Aber es greift doch zu kurz; ein einfacher Interessenvertreter war Marwitz nicht. Schon deshalb nicht, weil er die Unterstützung seiner Standesgenossen keineswegs durchgehend besaß. In den 1820ern gelangte er zu Macht und Einfluss, als Staatsrat, als Landtagsmarschall; in der eigentlichen Reformzeit aber war er fast ein Einzelkämpfer, der in Wahlen um Mandate mehrmals unterlag und den seine Gutsnachbarn skeptisch beäugten.
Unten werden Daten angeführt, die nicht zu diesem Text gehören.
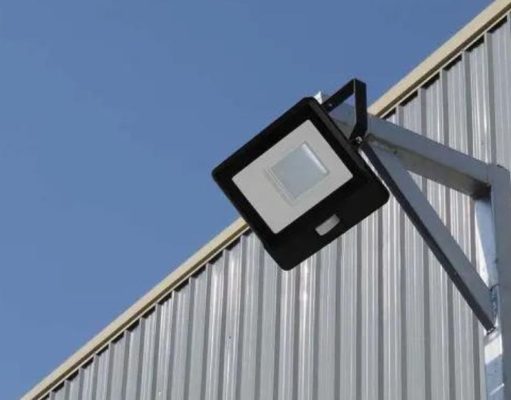 LED flood light mounted on a metal wall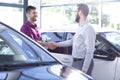 Happy buyer of new car shaking hands with dealer after transaction in the salon Royalty Free Stock Photo
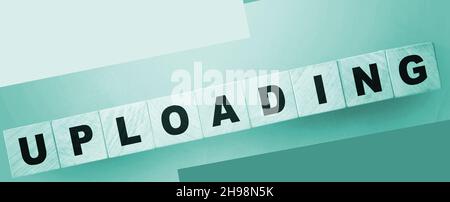 uploading word on wooden cubes. Online downloadable Internet resources concept Stock Photo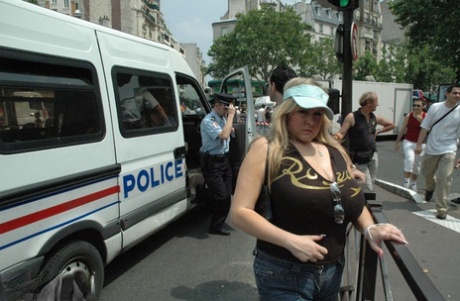 Blonde BBW Leah Jayne exposes her big natural tits in public during a riot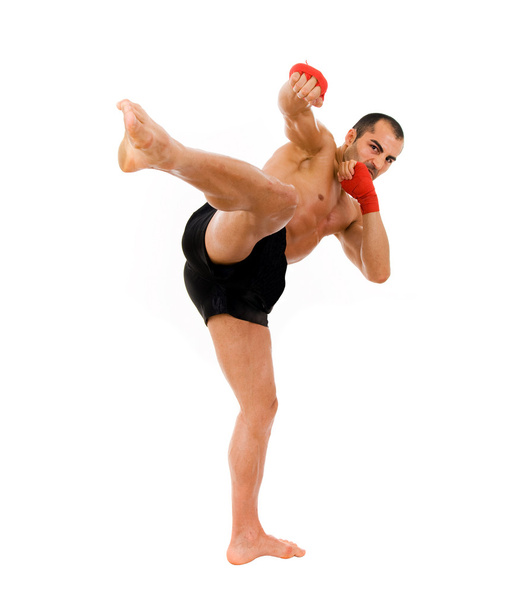 Young Boxer fighter making a kick over white background - Foto, Imagem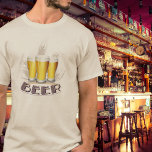 Camiseta Cerveja T-Shirt<br><div class="desc">Uma camiseta de cerveja simples para o amante da cerveja em você! Três copos de cerveja sentam-se na frente dos ouvidos de trigo com a palavra cerveja em negrito na parte inferior.</div>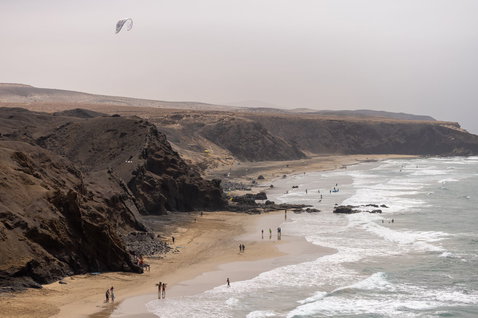 Duotone Evo SLS Concept Blue LEI kite haciendo kitesurf en una playa con acantilados rocosos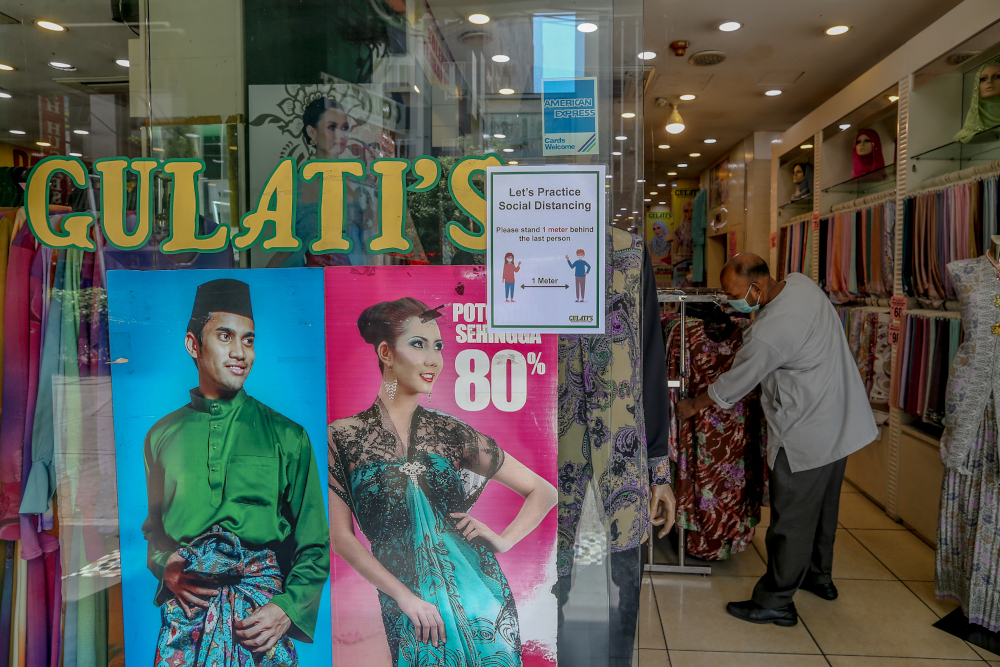 Gulati's Silk House does not need to worry about rent as it owns its premises, said Lavlu. — Picture by Firdaus Latif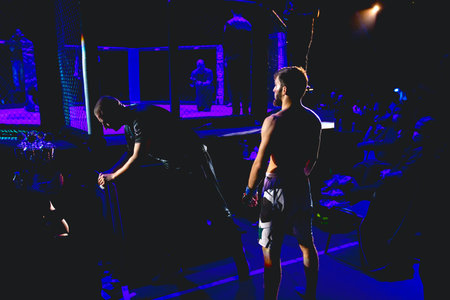 Judge taking last review of MMA competitor, fighter before it enters in arena, ring octagon, for...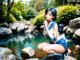 A woman in a blue and white outfit sitting on a rock by a river.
Interessenvertreter war Marwitz auch darum nicht, weil er nicht primär in materiellen Interessen dachte. Wer nüchtern kalkulierte, konnte zum gleichen Schluss kommen wie Hardenberg – selbst ein Gutsbesitzer –, dass befreites Landvolk produktiver als bei erzwungenen Frondiensten sein und am Ende alle Seiten profitieren würden. Viele der Landjunker rechneten so. Marwitz tat das nicht. Er war zu materiellen Opfern durchaus bereit, wenn es um die Befreiung Preußens von den französischen Besatzern ging. Nicht jedoch zum Verzicht auf das ererbte Recht auf Führung, das seinem Stande eigen war.„Es geht nicht nur um den Beutel, es geht um Freiheit und Recht“, schrieb er einmal. Recht freilich nicht im Sinne allgemeinen Menschen- oder Naturrechts, wie es bei den Philosophen der Aufklärung Mode geworden, sondern gewachsenen Rechts, das den Landbesitzern über die Jahrhunderte von den legitimen Herrschern gewährt worden war.

Der Streit, der Marwitz 1811 schließlich für kurze Zeit nach Spandau brachte, wurde erbittert geführt, von beiden Seiten. Es war viel Hass in der Luft damals, zwischen Preußen und Franzosen genauso wie zwischen Reformern und Konservativen, wobei die Frage, wer für wen das größere Übel darstellte, durchaus nicht immer eindeutig beantwortet wurde.

Marwitz beantwortete sie letztlich eindeutig. Als zum Ende des Jahres 1812 Napoleons Niederlage in Russland offenkundig wurde, eilte er zu seinem Feinde Hardenberg und drängte den Staatskanzler zur Erhebung gegen die Besatzer; ließ sich als Offizier reaktivieren und führte eine Brigade Landwehr seiner Bauern in den Befreiungskrieg von 1813.

Nach dem Sieg über Napoleon erlahmte der Reformeifer in Preußen. Die kommenden eineinhalb Jahrzehnte brachten verfassungspolitische Teilsiege für Marwitz. So die Einrichtung der Provinziallandtage, so die Erhaltung von Adelsvorrechten wie der lokalen Polizeihoheit und Patrimonialgerichtsbarkeit der Gutsbesitzer.

Doch es blieben kurzlebige, unzureichende Erfolge in einem verlorenen Kampf, den er focht und in dem es um mehr als nur um das Bewahren ging. Marwitz hatte im Grunde hinter den Absolutismus zurückgewollt, ehe der Adel unter den Hohenzollernkönigen zur Hälfte schon ein Dienstadel geworden war in Militär und Verwaltung. Der Adelstitel sollte nach seiner Vorstellung strikt an den Grundbesitz gekoppelt bleiben. Das war im neunzehnten Jahrhundert beim besten Willen nicht mehr zu machen. Als Marwitz sich ab 1830 aus der Politik zurückzog, fühlte er sich als Gescheiterter; und er war es auch.